Start of Recorded data

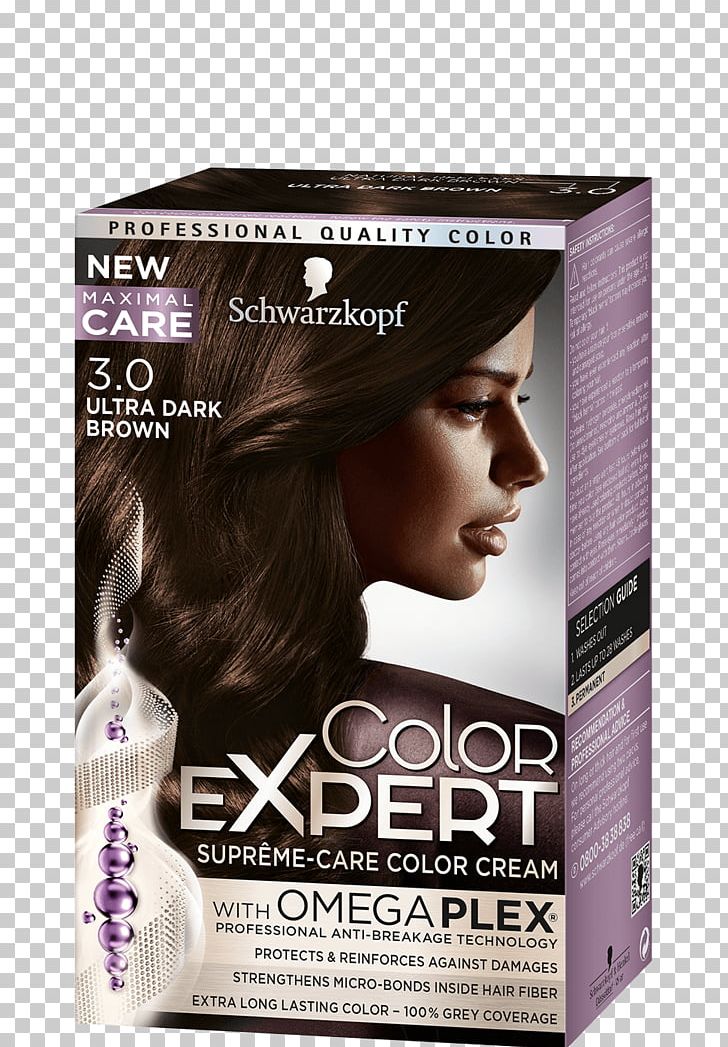 Hair Coloring Schwarzkopf Blond Chestnut PNG, Clipart,  Free PNG Download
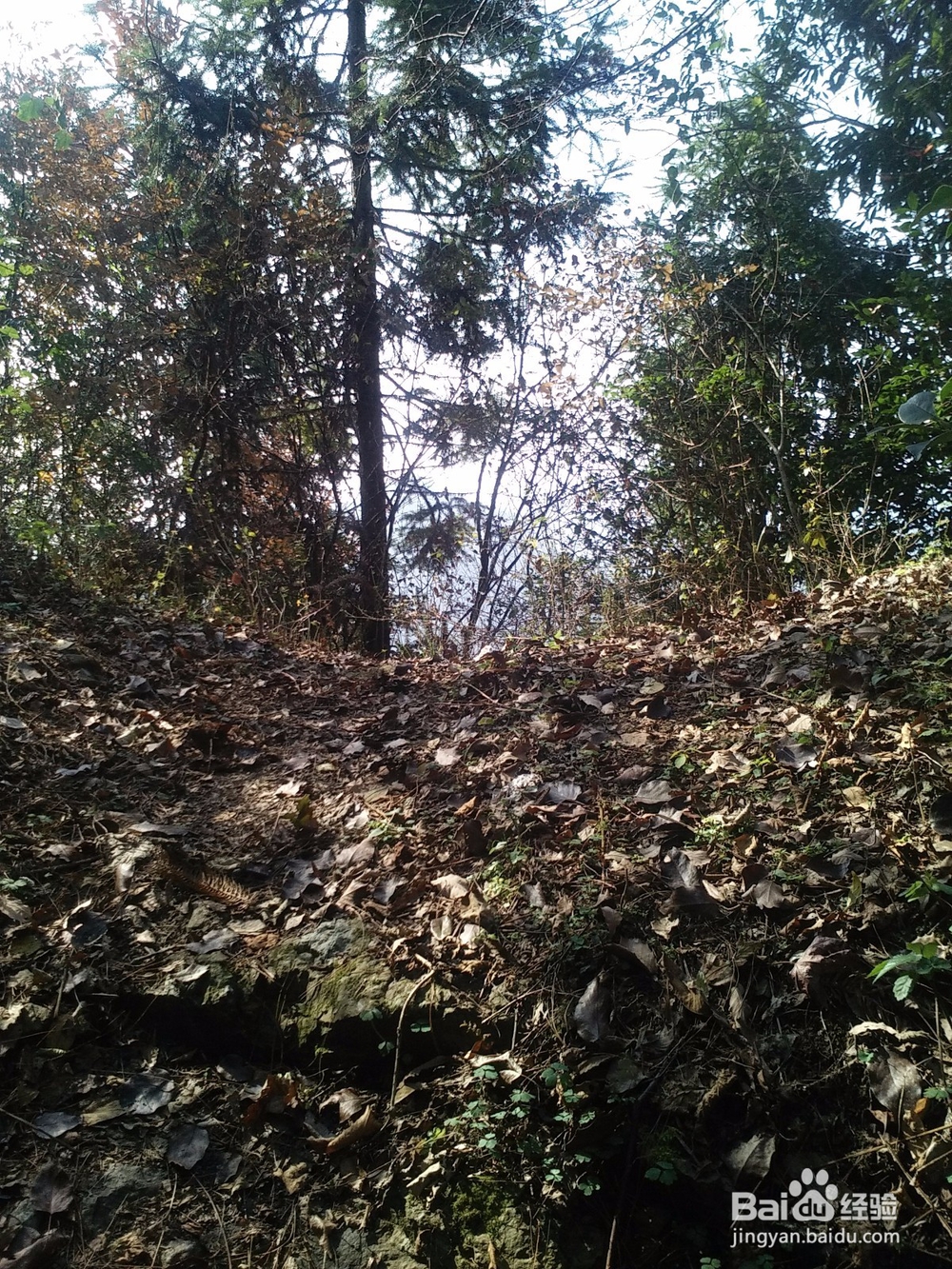 扶贫实现鸣凤人乡村旅游梦想记实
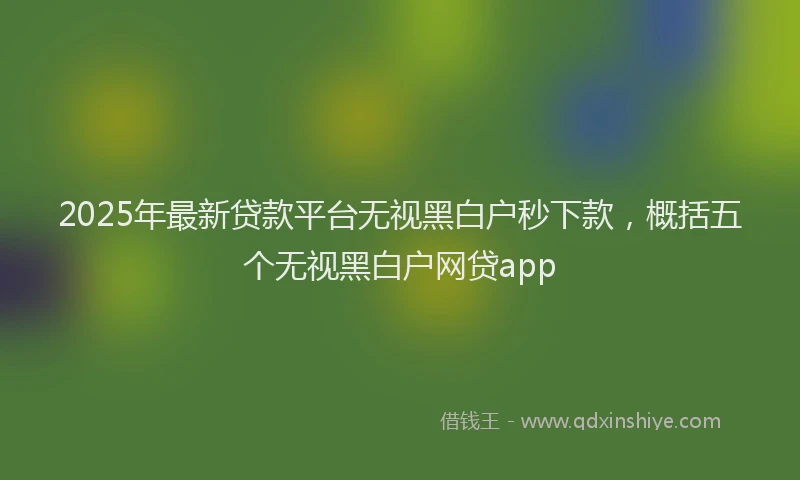 2025年最新贷款平台无视黑白户秒下款，概括五个无视黑白户网贷app
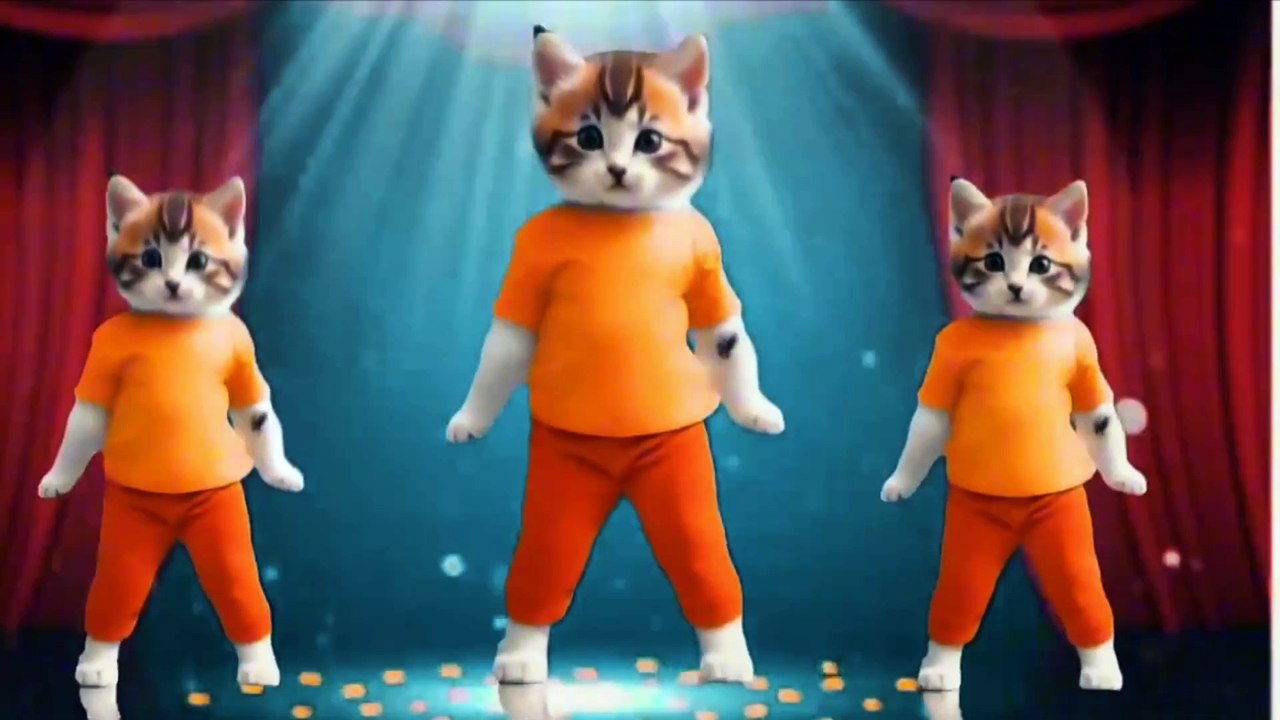 😻🐾️Cat videos funny dance 💃😻😮cat #catvideos #cutecat #catlover #cute #cuteanimal #catdance #funnycats#cutecat #catdanceshow #catdancetime #petdance #everyone #usa #newdancevideo  #cuteanimal #catdance #funnycats #motorcycle #pet #petdance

End of Recorded data

Exercise description -
In your answer, copy exactly the lines running from the line with "扶贫实现鸣凤人乡村旅游梦想记实" to the end of the material above, both included, and omit all pictures.

Task answer -
 扶贫实现鸣凤人乡村旅游梦想记实
 2025年最新贷款平台无视黑白户秒下款，概括五个无视黑白户网贷app
 😻🐾️Cat videos funny dance 💃😻😮cat #catvideos #cutecat #catlover #cute #cuteanimal #catdance #funnycats#cutecat #catdanceshow #catdancetime #petdance #everyone #usa #newdancevideo  #cuteanimal #catdance #funnycats #motorcycle #pet #petdance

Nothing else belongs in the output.